STATEMENT OF FACTS AND THE CASE
{¶2} This case arose from a breaking and entering into a pharmacy and theft of
drugs from that pharmacy in the early morning hours of November 23, 2019 in Massillon,
Ohio. The events leading to the break-in began with a telephone call from Allison Roach
to her drug dealer, JC. JC told Roach he did not have the pills she requested, but he
could get some if she drove. She agreed and picked up JC after she finished work at
about 10:30 p.m.
{¶3} Roach picked up JC in Reynoldsburg and JC asked that they stop for Mike
in Columbus. She picked up Mike and noted that he had a red bookbag. She drove to
a home in Massillon, Ohio, where Mike and JC went inside and asked her to wait in the
car. Later, she was asked to come into the home where the group stayed for a short time
before leaving with a fourth person named Tony. They drove to a cul-de-sac and the three
men got out of the car and told Roach they would be back. They were gone for few
minutes then came running back to the car, out of breath. Tony told Roach to move over,
he got into the car, took off gloves, dumped the red book bag and pill bottles at her feet
and drove off.
{¶4} Tony’s fast and erratic driving caught the attention of local police officers
and they gave chase. Tony drove into a dead end road and stopped. All three men got
out of the car and ran off, leaving Roach to be arrested by the Massillon Police. Stark County, Case No. 2021CA00084 3
{¶5} Officer Jacob Miller of the Massillon Police Department pursued one of the
three men and apprehended JC Taylor. Another officer who responded to the scene
recovered the red bookbag that was discarded during the chase and Officer Miller found
drugs from the pharmacy in it. Officer Miller searched the vehicle and found a crowbar,
gloves and three cell phones, a blue one in the front seat and the others in the back seat.

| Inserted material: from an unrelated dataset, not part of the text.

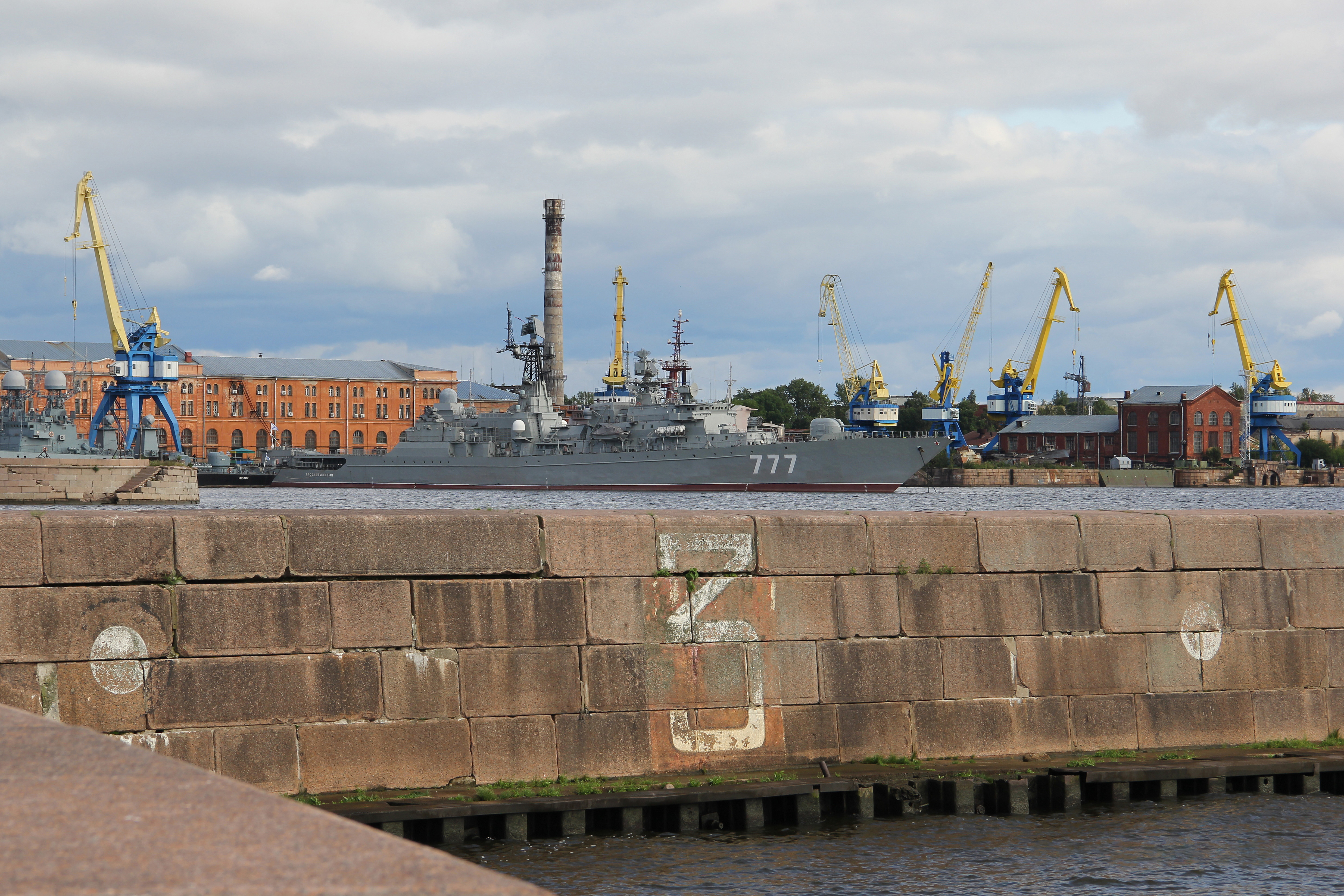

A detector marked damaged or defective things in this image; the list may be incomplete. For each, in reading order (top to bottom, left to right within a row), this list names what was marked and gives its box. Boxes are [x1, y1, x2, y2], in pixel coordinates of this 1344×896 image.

rusty stone parapet [0, 508, 1339, 795]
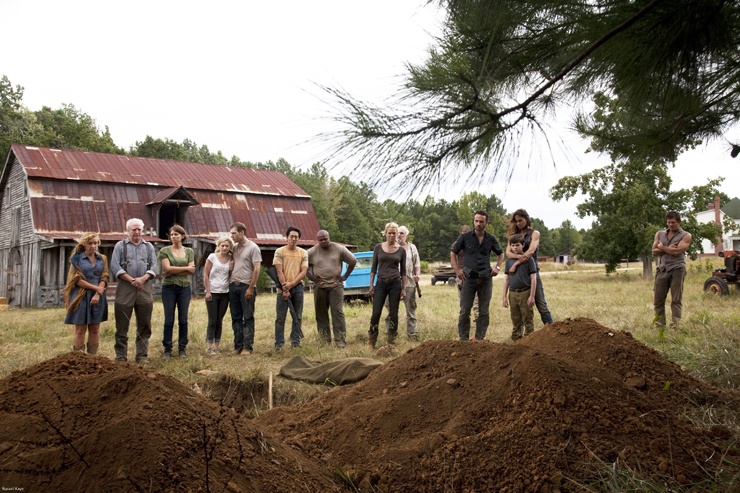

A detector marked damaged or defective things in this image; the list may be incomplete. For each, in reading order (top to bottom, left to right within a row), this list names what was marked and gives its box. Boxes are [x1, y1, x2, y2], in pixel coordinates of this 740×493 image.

{¶6} Officer Miller took Allison Roach into custody and had a conversation with
her at the scene. Roach later participated in a photo lineup in an attempt to identify the
others that were with her in the vehicle. Officer Gohlike of the Massillon Police
Department presented the photographs for Roach’s review and she was able to identify
Nigro in the lineup. She did have some difficulty, but explained that his appearance since
the photograph had changed slightly. Nevertheless, she did sign the form presented by
Officer Gohlike confirming that she was certain that the person in the photo was the
person in the vehicle.
{¶7} Detective Dadisman of the Massillon Police Department began working on
the case and obtained a warrant to inspect the data recorded on the phones. The phones
were submitted to the Jackson Township Police Department with the request to download
the information using Cellebrite.
{¶8} Sergeant Josh Escola from the Jackson Township Police Department was
asked to extract information from the cellphones found in the vehicle. He was able to
download all of the relevant information from a phone that had the word “QLINK” on the
back, placed it on a thumb drive and returned the phone and the drive to the Massillon
Police Department. He was also able to extract information from another of the phones,
but the third was inaccessible. Stark County, Case No. 2021CA00084 4
{¶9} Once Detective Dadisman received the report he was able to view the
information on two of the cell phones, including phone numbers, photographs, text
messages and names. The detective used the information in the report to find the phone
numbers assigned to the cell phones and he entered those numbers into a search
referenced in the record as TLO. He concluded that one phone was connected to JC
Taylor-Edwards, one of the men in the car, and the other to a person named Chelsea
Evans. This latter phone was later identified to be a phone used by appellant, Michael
Nigro.
{¶10} Detective Dadisman concluded the phone registered to Chelsea Evans was
used by Nigro after reviewing data on the phone: photographs, phone calls and text
messages that were signed “Mikey” and text messages that correlated directly with the
activities that were planned. Information on the phone also corresponded with an address
where Roach testified they stopped before the incident occurred. There were text
messages to a girlfriend saying “wish me luck” and “if anything happens grab all my stuff”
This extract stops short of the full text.